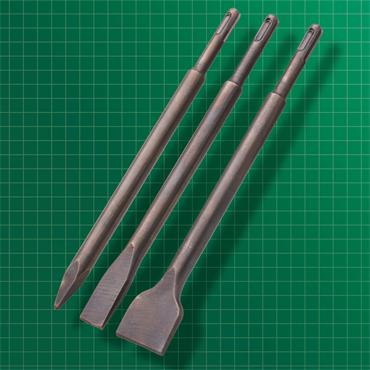 FAITHFULL SDS+ CHISEL SET 3PC
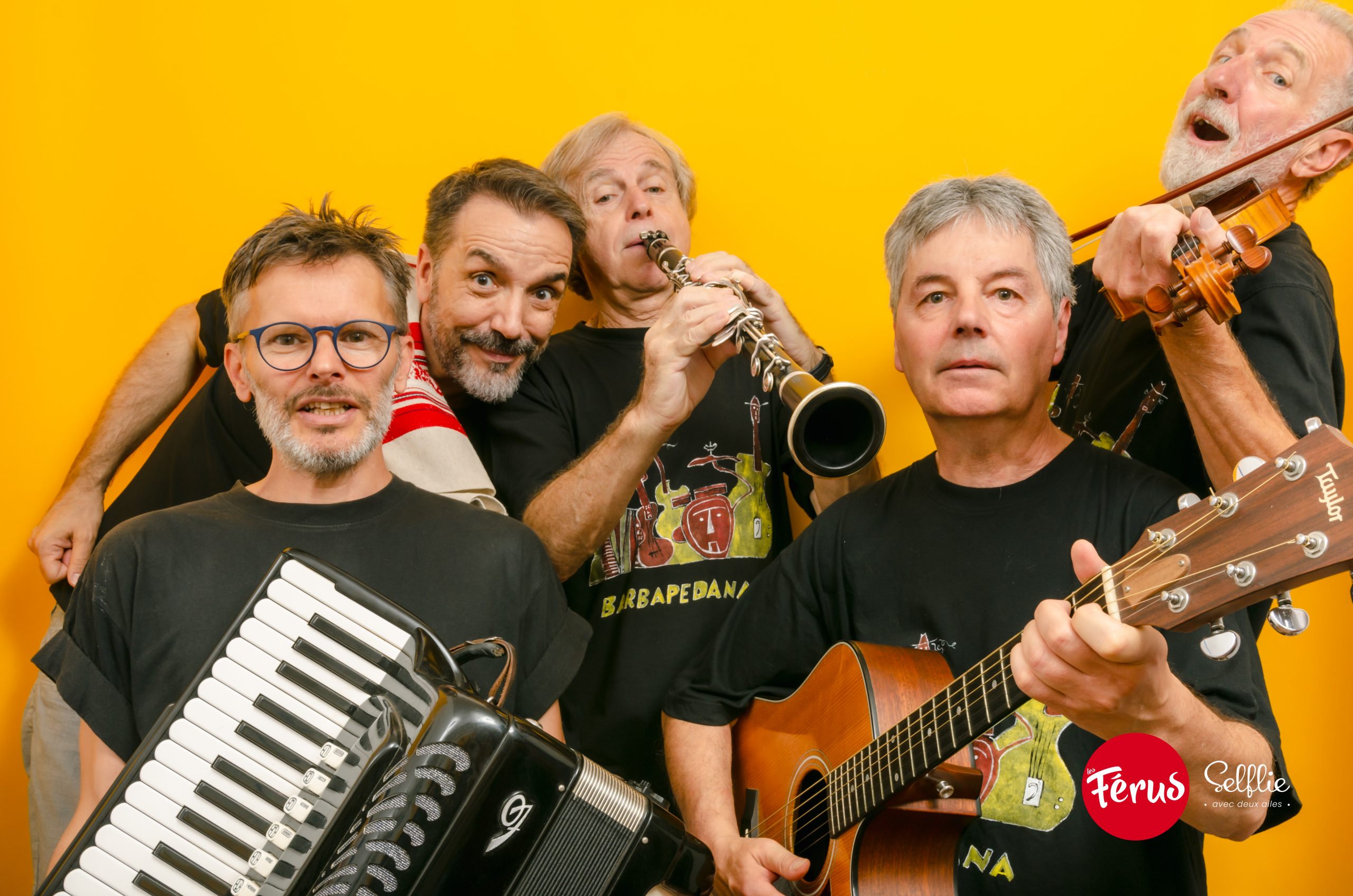 Barbapedana porta i ritmi popolari al Settembre Folk di Musijam 1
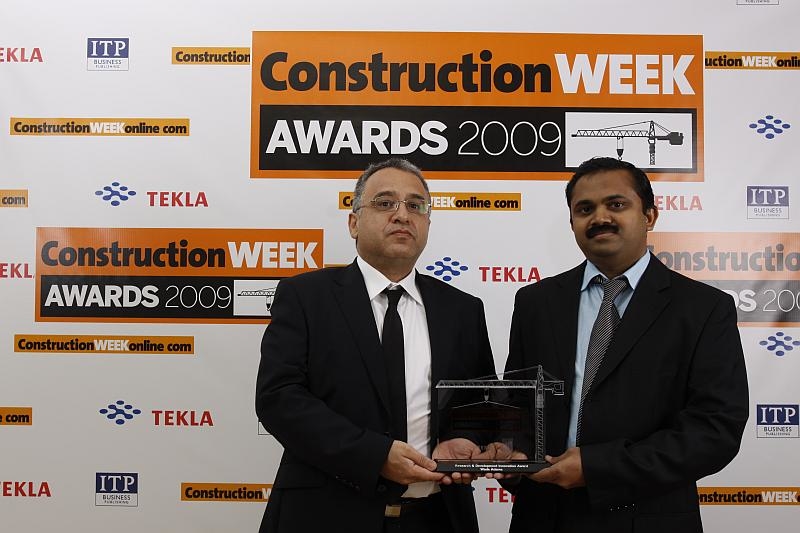Nicolas Tandeles and Abdul Nazer from Wade Adams Nicolas Tandeles and Abdul Nazer from Wade Adams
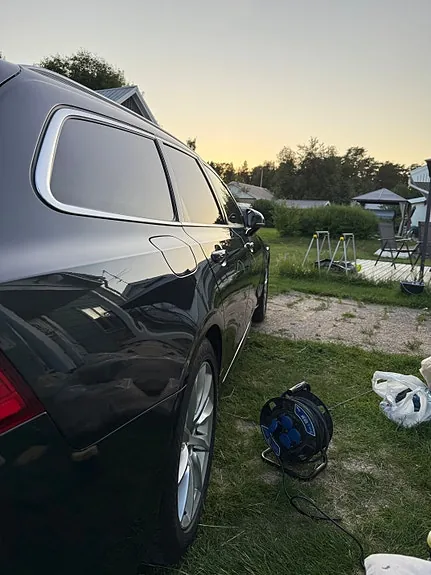 Volvo V90 2019 photo 2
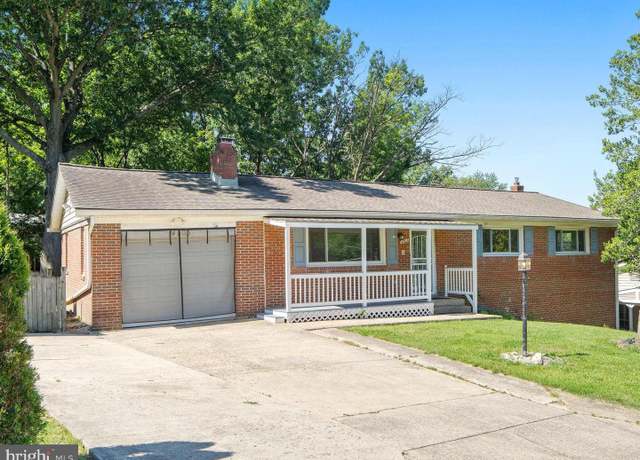Property at 4503 Poppe Pl, Temple Hills, MD 20748, 3 beds, 3 baths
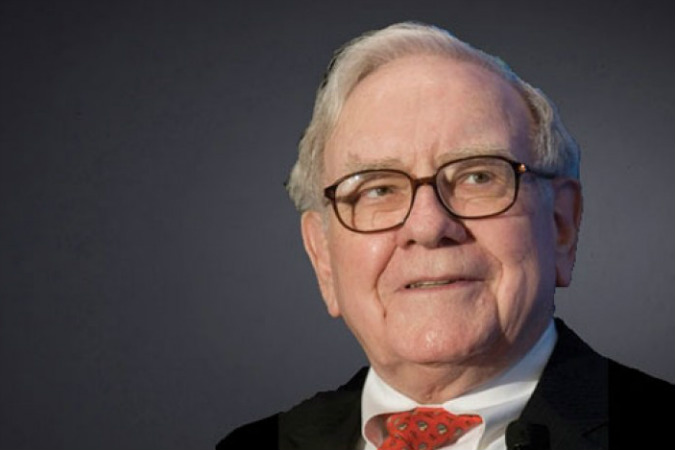 Warren Buffett si Orang Terkaya Ternyata Senang Sarapan Murah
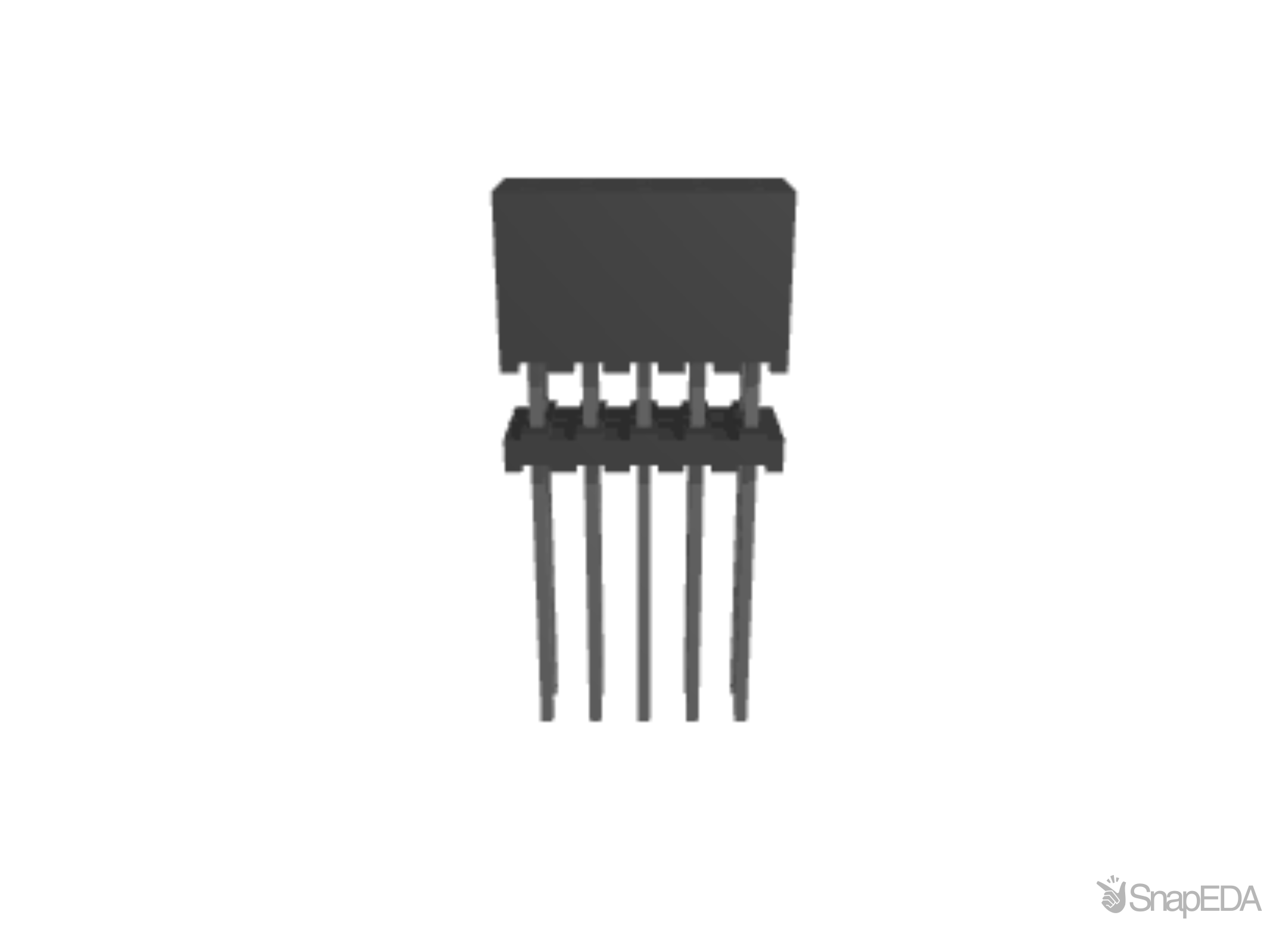 ESQT-105-02-L-D-400 3D Model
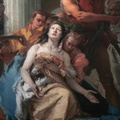 der venezianische Maler Giovanni Battista  Tiepolo geb 1696 zu sehen in  Stuttgart 2020.jpg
____________
Activity =>
Reproduce nothing but the lines from the line containing "Property at 4503" through the last line of the data above, exactly as written and without pictures.

Result of the task =>
Property at 4503 Poppe Pl, Temple Hills, MD 20748, 3 beds, 3 baths
 Warren Buffett si Orang Terkaya Ternyata Senang Sarapan Murah
 ESQT-105-02-L-D-400 3D Model
 der venezianische Maler Giovanni Battista  Tiepolo geb 1696 zu sehen in  Stuttgart 2020.jpg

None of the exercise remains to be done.